* Directions
Output, exactly as written, the lines below from the one that has "Насос скважинный AQUARIO ASP1E-125-75 (3205)" through the one that has "Cleste buloane COBOLT-S"; nothing else, and no pictures.

◆ ◆ ◆

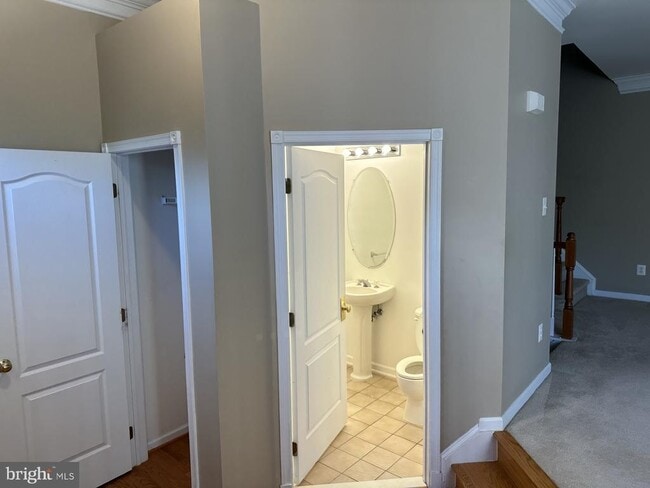 Photo - 25861 Kirkwood Square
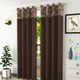Coffee__Homefab India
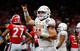 Sam Ehlinger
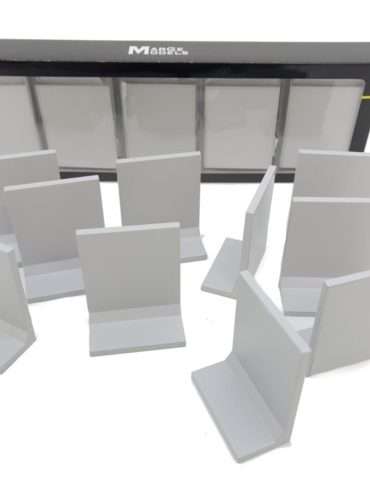 32MargeM L shaped retaining walls 1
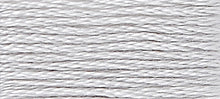 Load image into Gallery viewer, DMC Embroidery Thread 117MC Stranded Cotton 1-299
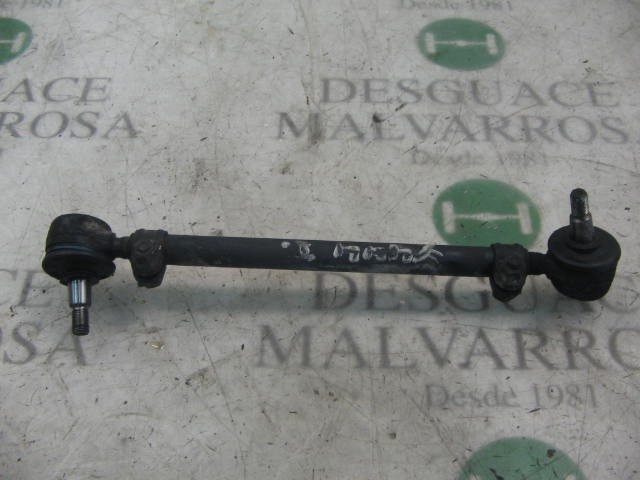Montante de estabilizador dianteiro 31351130075 BMW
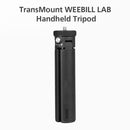 DCA0882B_3.jpg@be08d1b810ee94c261951326eb62efb5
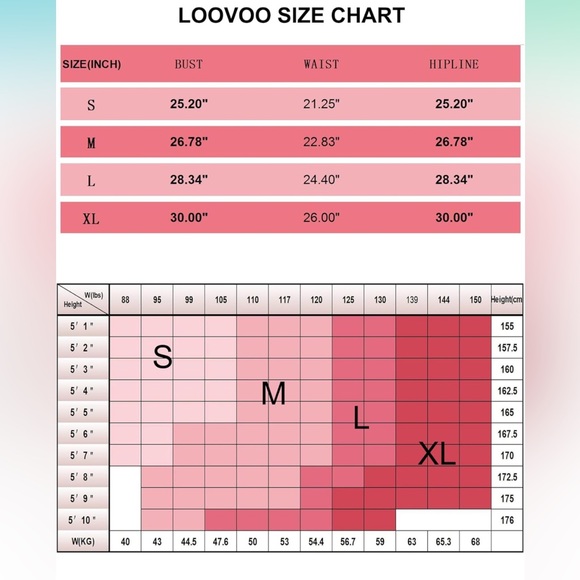 Loovoo Seamless Ribbed Jumpsuit brown - Picture 10 of 10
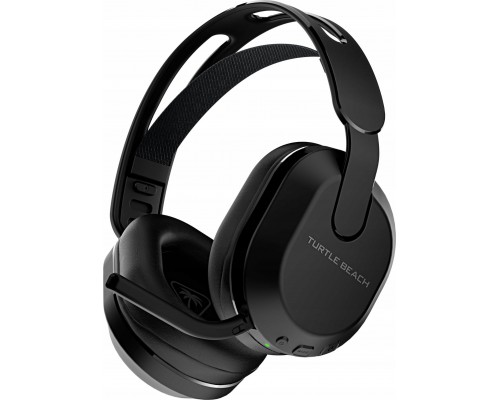 Hama Turtle Beach Stealth 500 Black (002264200000)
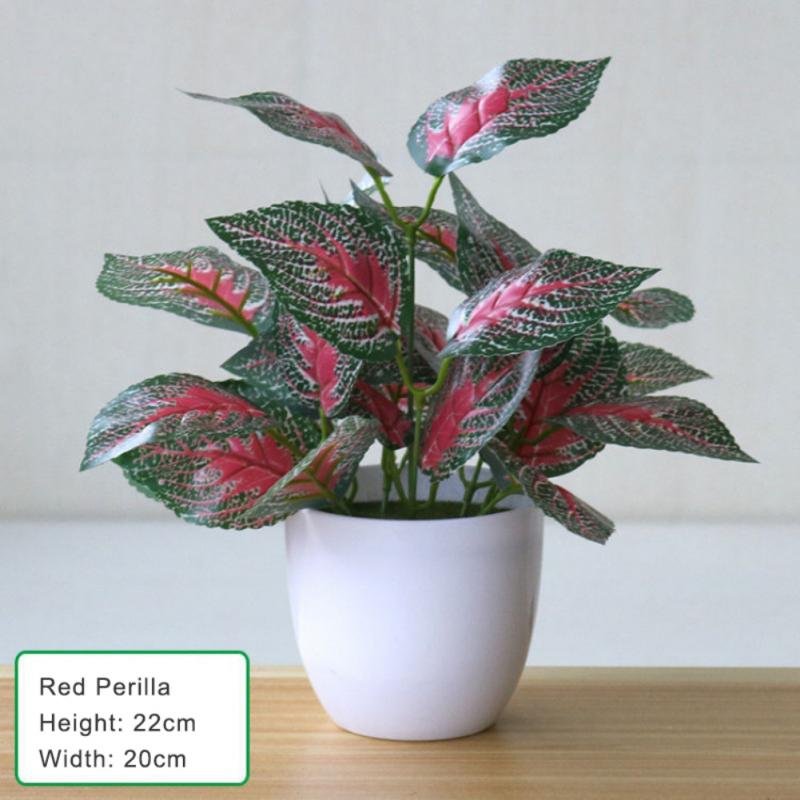 Artificial-Plants-Bonsai-Small-Tree-Simulation-Pot-Plants-Fake-Flowers-Table-Potted-Ornaments-Home-Decor-Hotel-5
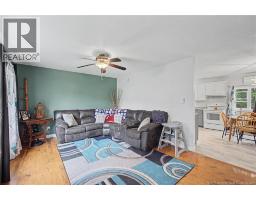 Bath (# pieces 1-6) - 15 Brentwood Drive, Newbridge, NB E7N1J5 Photo 6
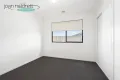 Property photo of 24 Angus Court Thurgoona NSW 2640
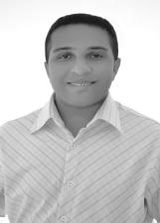 Cristiano Correia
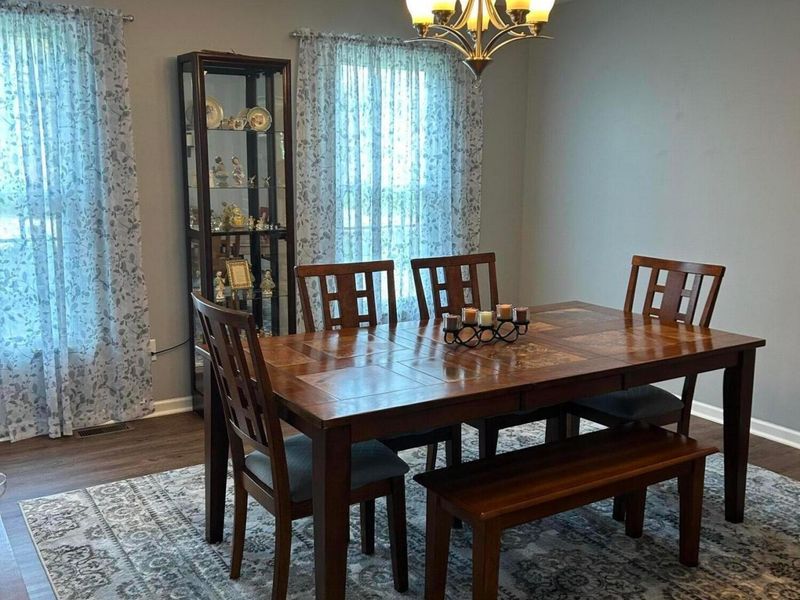 873 Falkirk Court, Pickerington, OH 43147 Photo 6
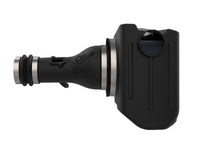 aFe Momentum HD Pro 10R Cold Air Intake System 17-19 Nissan Titan XD V8-5.6L - Burkken Auto Parts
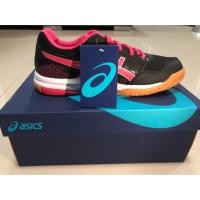 ราคา รองเท้าแบด Asics GEL ROCKET 8 Size 7.5US (2002061019)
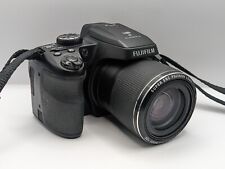 Fujifilm finepix s9400w usato  Spedire a Italy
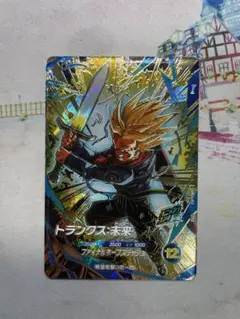 ほたる(プロフ必須)様 リクエスト 3点 まとめ商品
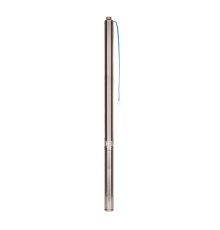 Насос скважинный AQUARIO ASP1E-125-75 (3205)
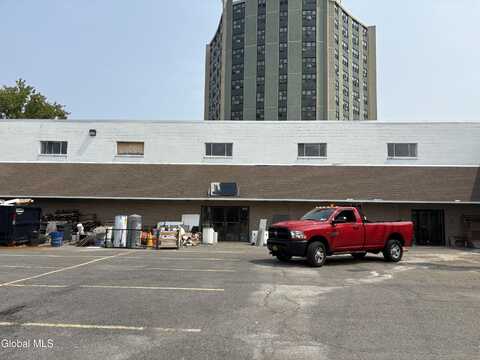 226 N Allen Street, Albany, NY 12206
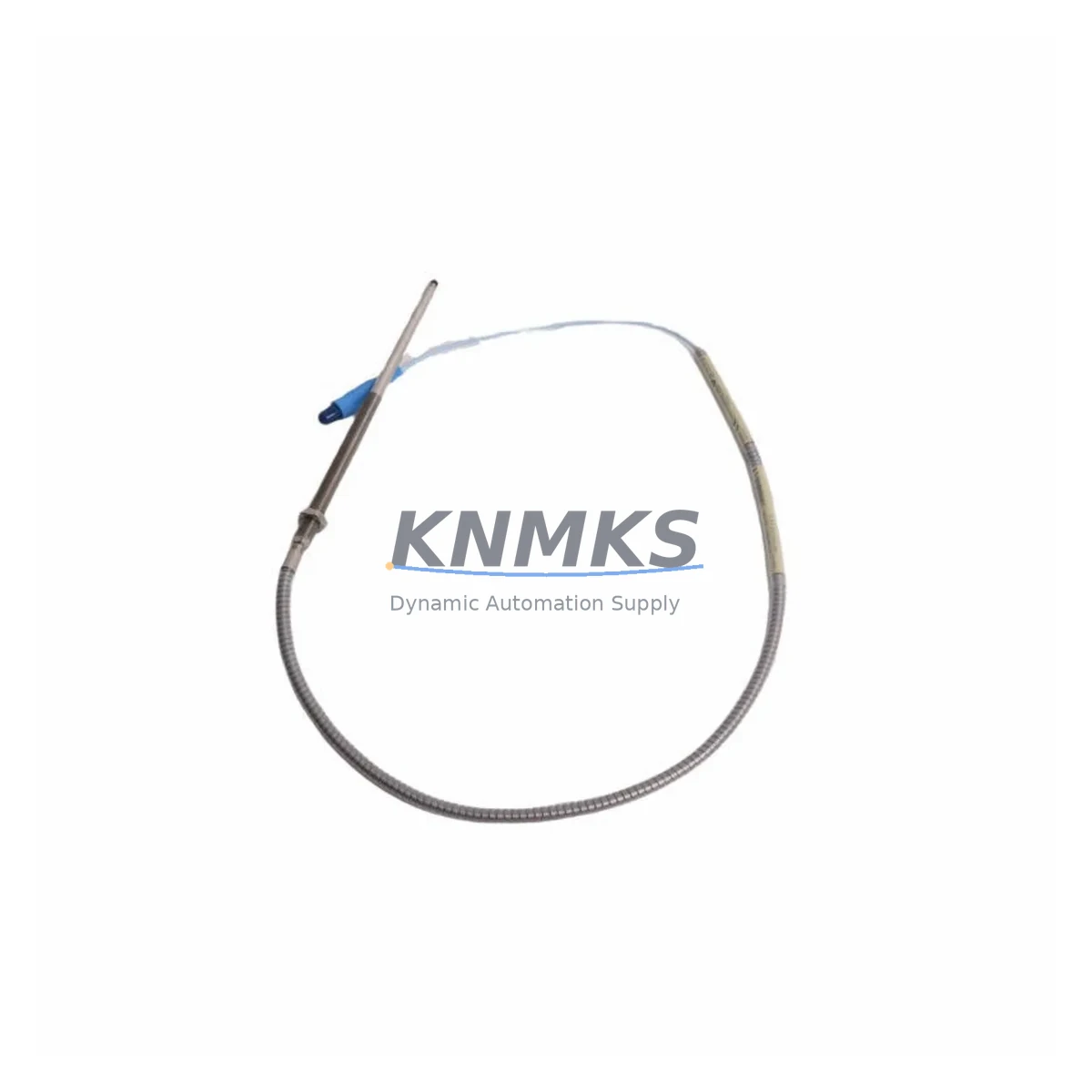 Bently Nevada 330903-00-12-05-02-CN Proximity Transducer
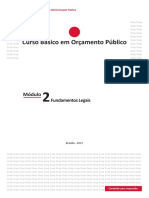 Módulo_2_Fundamentos Legais.pdf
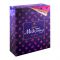 Cadbury Milk Tray 180g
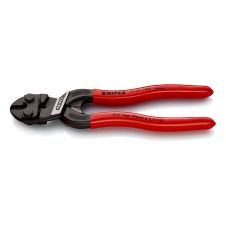 Cleste buloane COBOLT-S L-160mm Dmax-5.3mm cu maner ergonomic KNIPEX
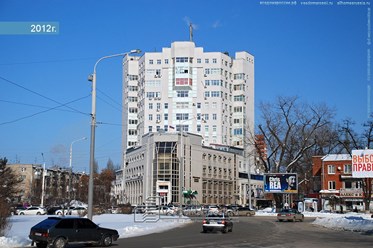 Фото компании ООО адвокат Тохтамишян Александр Федорович 3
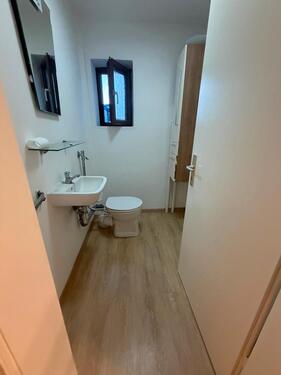 Foto - Etagenwohnung in Pfarrkirchen zur Miete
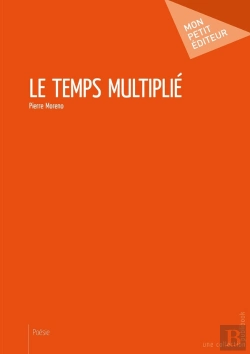 Bertrand.pt - Le Temps Multiplié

◆ ◆ ◆

* Answer to the problem
 Насос скважинный AQUARIO ASP1E-125-75 (3205)
 226 N Allen Street, Albany, NY 12206
 Bently Nevada 330903-00-12-05-02-CN Proximity Transducer
 Módulo_2_Fundamentos Legais.pdf
 Cadbury Milk Tray 180g
 Cleste buloane COBOLT-S L-160mm Dmax-5.3mm cu maner ergonomic KNIPEX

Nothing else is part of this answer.